Task details
Write each line below back out exactly, omitting its pictures.

Data shown
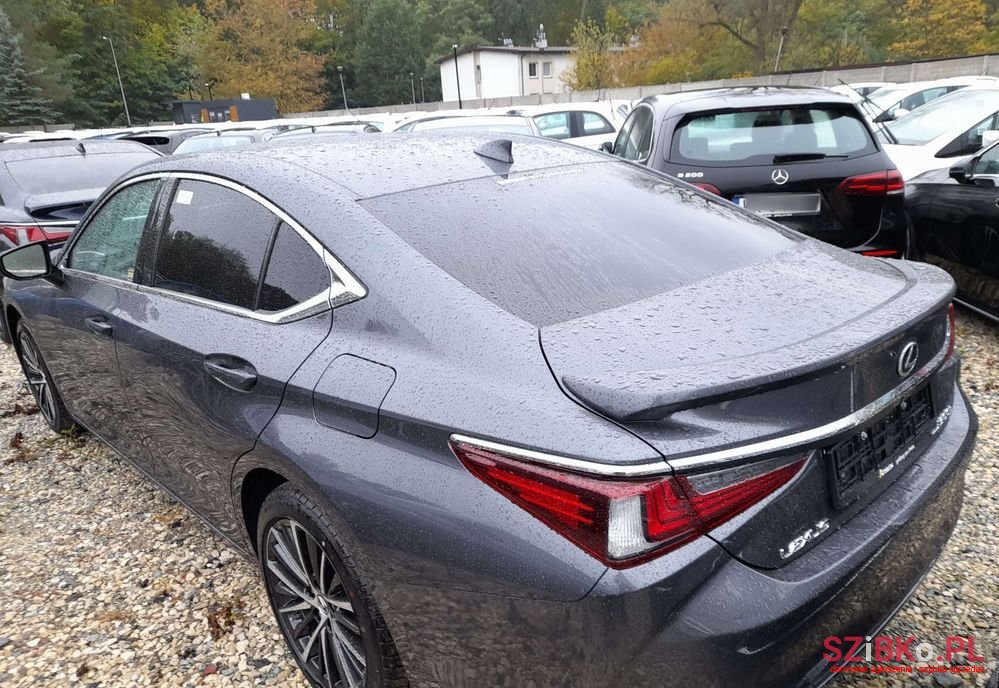 2024' Lexus ES photo #3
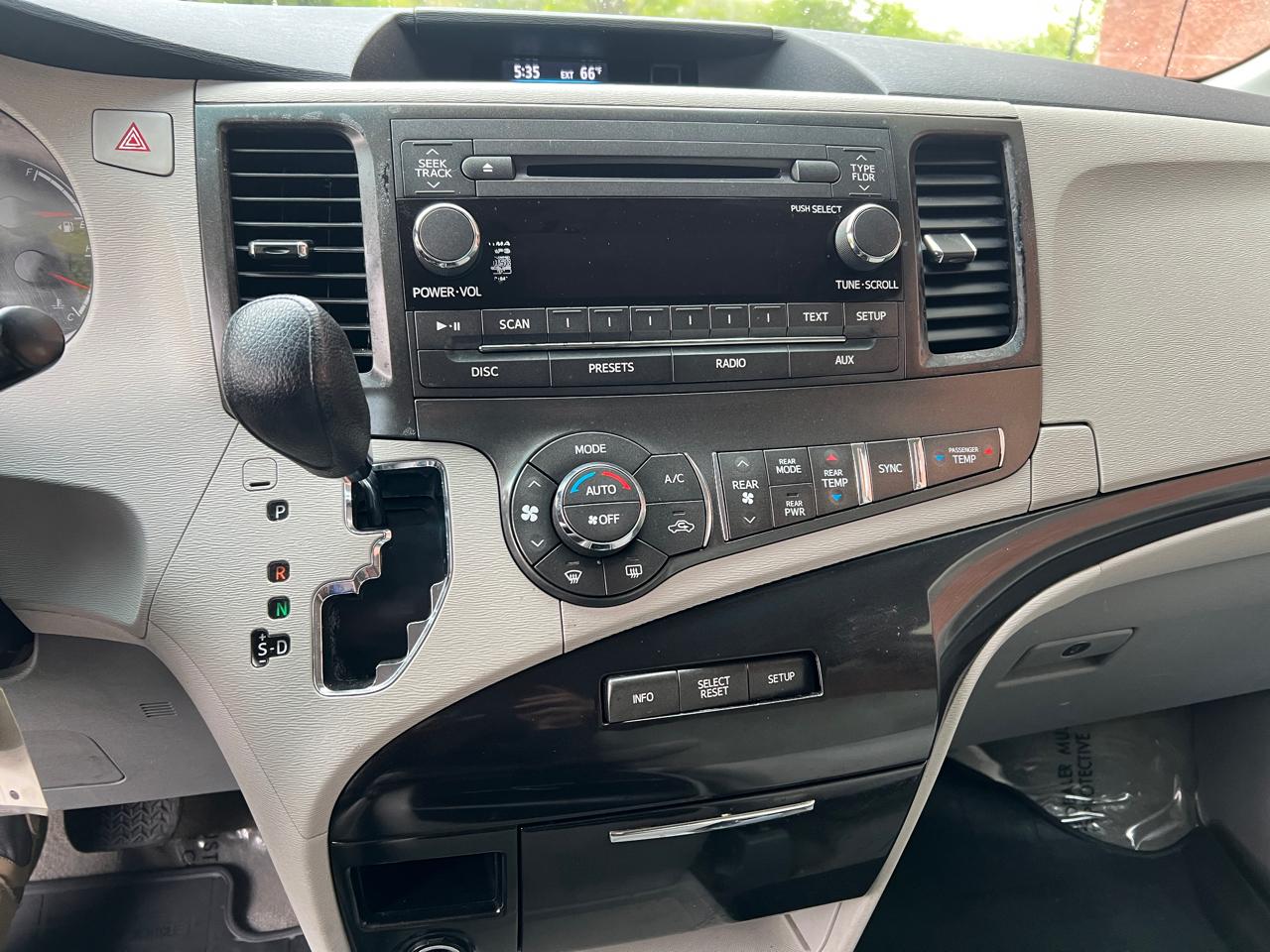Toyota Sienna LE FWD 8-Passenger V6 2014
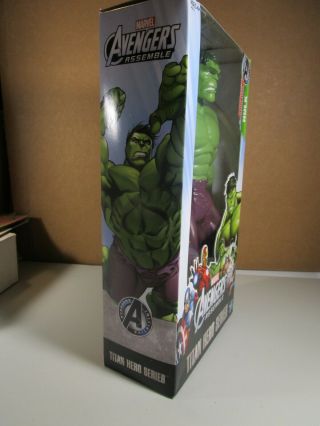 MARVEL = The Incredible Hulk Action Figure Avengers Titan Hero Series 12 inch 2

Finished task
 2024' Lexus ES photo #3
Toyota Sienna LE FWD 8-Passenger V6 2014
 MARVEL = The Incredible Hulk Action Figure Avengers Titan Hero Series 12 inch 2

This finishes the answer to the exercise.